Do you remember samizdat literature? What might be its heritage in contemporary Hungary? To start her quest around samizdat literature in Central Europe, Alice Guéricolas-Gagné stops by ISBN books+gallery, where she will be building a work-in-progress exhibition. The exhibit will piece together notes and photos, memories and objects, which Alice will collect by meeting samizdat makers and conducting research in Budapest’s archives.
From this material, she hopes to write a novel, Paper Rafts [working title], that will explore the sphere of literary samizdats through the lens of magic realism. The provisional title of the novel evokes the oasis that these clandestine texts could constitute in a society.
What could samizdat literature mean today?

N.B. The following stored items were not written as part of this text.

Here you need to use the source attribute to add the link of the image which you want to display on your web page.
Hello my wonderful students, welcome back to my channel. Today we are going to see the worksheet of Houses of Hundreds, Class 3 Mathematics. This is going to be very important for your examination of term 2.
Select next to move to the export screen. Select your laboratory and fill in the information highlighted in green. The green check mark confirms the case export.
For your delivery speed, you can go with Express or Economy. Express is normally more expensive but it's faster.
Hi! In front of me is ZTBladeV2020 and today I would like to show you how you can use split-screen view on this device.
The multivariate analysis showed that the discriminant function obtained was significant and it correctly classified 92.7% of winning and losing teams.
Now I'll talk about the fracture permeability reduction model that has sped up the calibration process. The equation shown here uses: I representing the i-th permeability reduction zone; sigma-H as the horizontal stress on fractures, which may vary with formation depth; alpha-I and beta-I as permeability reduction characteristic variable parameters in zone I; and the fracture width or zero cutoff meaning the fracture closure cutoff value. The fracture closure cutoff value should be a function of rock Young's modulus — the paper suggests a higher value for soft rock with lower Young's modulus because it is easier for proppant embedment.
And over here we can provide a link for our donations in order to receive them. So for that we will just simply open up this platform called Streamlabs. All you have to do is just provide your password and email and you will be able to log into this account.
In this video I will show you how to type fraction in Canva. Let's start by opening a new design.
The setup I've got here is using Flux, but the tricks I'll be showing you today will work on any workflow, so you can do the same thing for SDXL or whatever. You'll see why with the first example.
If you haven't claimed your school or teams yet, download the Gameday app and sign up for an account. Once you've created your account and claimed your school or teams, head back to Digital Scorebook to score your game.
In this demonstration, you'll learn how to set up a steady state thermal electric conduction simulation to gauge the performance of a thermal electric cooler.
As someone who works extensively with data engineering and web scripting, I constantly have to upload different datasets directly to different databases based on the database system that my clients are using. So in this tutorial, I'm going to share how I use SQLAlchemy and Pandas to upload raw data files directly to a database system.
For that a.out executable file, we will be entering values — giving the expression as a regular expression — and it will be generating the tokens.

Join her to exchange around the topic.
After a master’s thesis in literature about Too Loud a Solitude (Bohumil Hrabal) and its clandestine circulation in 1970s Czechoslovakia, Alice Guéricolas-Gagné (Québec, Canada) pursues a samizdat’s based quest, but in a fiction way. She published the novel Saint-Jambe (2018), that conducted the artist Mélina Kerhoas and her to create the neighborhood’s project La montée des eaux (The Rising Waters) (2020), a post-apocalyptic utopia embodied in an immersive theater show and an exhibition in house windows. By working with different mediums (words, places, encounters, archives, objects), Alice invites imaginary worlds and memories to flourish in society.